第5話 自分勝手な私

 どうして。

 その言葉は、私を責めるものなのか、ただの質問なのか。


 キリアンの態度を考えるに前者だろうけれど、……けれど、彼とのこれまで・・・・のことを考えれば私が突然不自然な行動を取っていることに困惑を感じて、何かあったのか案じてくれているのかもしれない。

 彼は、とても優しくて年上として私を導く立場だと自覚しているから。


(そうね、私は自分勝手に彼に好かれようと、そればかり考えていたんだわ)


 無理だと言われれば大人しく引き下がりはしたものの、私が誘った手前彼だってその埋め合わせをせざるを得なかった。

 そして基本的に貴族家の令嬢である私に対して失礼がないようにキリアンは常に気を遣わなければならない立場であることを考えれば、そんな気分になれなくたって応じる以外選択肢はないはずだわ。
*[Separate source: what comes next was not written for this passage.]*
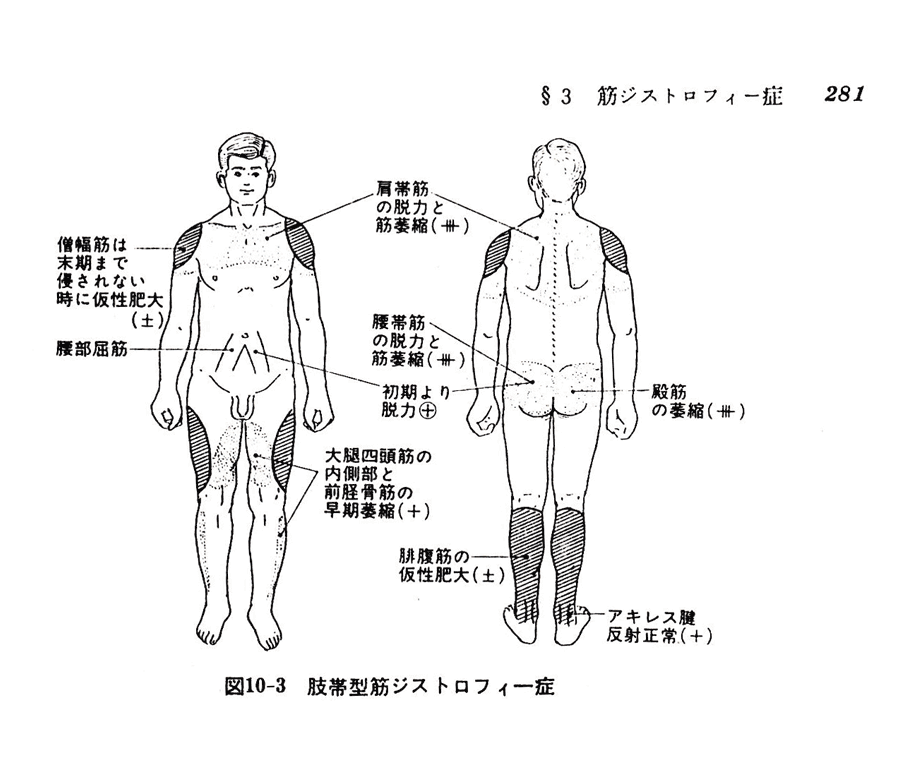 筋ジストロフィー症図3-4-1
「……ええと、そろそろ私も卒業を控えて忙しかったんです。避けていたわけではなくて……その、今までキリアンの都合も考えずに手紙やお誘いをたくさんしていたなと改めて気づいたわ。ごめんなさい」


「いえ……」


「今日はそれを確認しに来てくださったの?」


 そうなら嬉しい。

 少しでも、私のことを考えてくれたのなら。


 迷惑をかけてしまったと、反省したばかりなのにそんな気持ちがぐっと出てきて自分がまた情けなくなってしまいそうだ。


「……今日は、夜勤明けでしたので偶然です。婚約者の姿が見えたのなら、声をかけないのも失礼かと思って」


「そ、そう……いやだわ、自惚れた発言でしたね! 忘れてください……!」


 ああ、ほら、調子に乗るからばちが当たったんだわ。

 キリアンが私を気にかけるのなんて、婚約者の義務でしかないんだから。


 それでも、義務でも……優しくしてくれるだけ、私は恵まれているのだと思わなくては。
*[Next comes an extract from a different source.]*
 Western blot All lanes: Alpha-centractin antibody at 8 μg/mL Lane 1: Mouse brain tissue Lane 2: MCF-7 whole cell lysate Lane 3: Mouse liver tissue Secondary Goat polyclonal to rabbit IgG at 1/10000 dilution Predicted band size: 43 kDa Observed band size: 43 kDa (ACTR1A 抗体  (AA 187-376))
 好いた人が誠実でいてくれて、義務でも傍にいてくれるのだ。


(……それなのに、どうしてこんなに心が痛むのかしら)


 私にできることはなんだろう。

 考えなくては。

 政略結婚でも、いつかは……愛はなくても『結婚して良かった』と、後悔させないようにするために、今からでも私にできることを探そう。
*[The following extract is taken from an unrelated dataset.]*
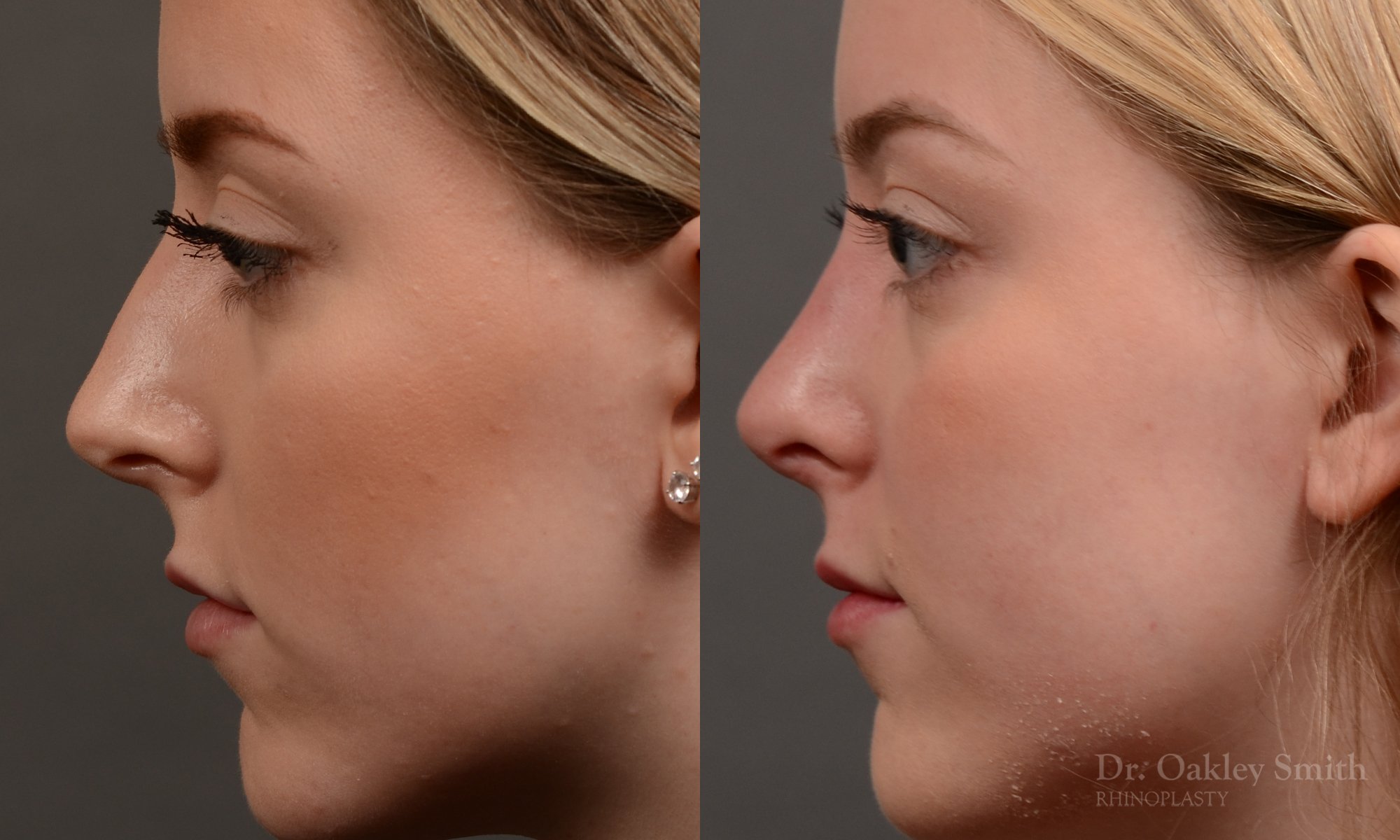 450 rhinoplasty, dr oakley smith, toronto, top surgeon, nose job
 今はとりあえず、この落ち込んだ気持ちに気がつかれないように……せめて、笑顔を浮かべるけれど。

 上手に、できていたらいいなと願うばかりだ。


「……もしこの後用事がないようでしたら、是非家に寄ってください。両親も貴方のことなら歓迎でしょうし、兄も今日は仕事が休みなのできっとキリアンが訪ねてくれたら喜ぶと思うのです」


「ご迷惑でなければ」


「迷惑だなんてとんでもないわ。……貴方は私の婚約者だもの。いつだってアシュリー家はキリアンのことを歓迎します」


「……ありがとうございます」


 キリアン。キリアン。

 私の方が伯爵令嬢で身分も上だから、自分のことは呼び捨てにして欲しい。

 そう彼に言われた時はとても嬉しかったのに。


 彼はまるで私の護衛騎士のように、礼儀正しい振る舞いを崩さない。

 あの夜、薬の熱に浮かされて触れた指先の熱さが嘘のよう。


「……キリアン」


「なんですか」


「ふふっ、ごめんなさい。久しぶりに会えて嬉しくて、つい」


「……」


「ごめんなさいね」


「いえ」


 キリアン。

 その名前を呼べることが、特別な関係なのだと思っていたの。

 でもそれは思い違いだったのよね。


 私はいつまで経っても名前で呼ばれず、貴方の名前を呼ぶことでしかこの関係を信じられないだなんて……滑稽だわ。

 こんな滑稽なことに巻き込まれてしまった彼の胸中は、いったいどんなものなのかしら?


(……せめて、嫌われていないといいわ)


 無関心も困るけれど。

 そんな風に考えて、また私は自分勝手だなあと自己嫌悪に陥りそうになって窓の外を眺めることで、気分を切り替えるのだった。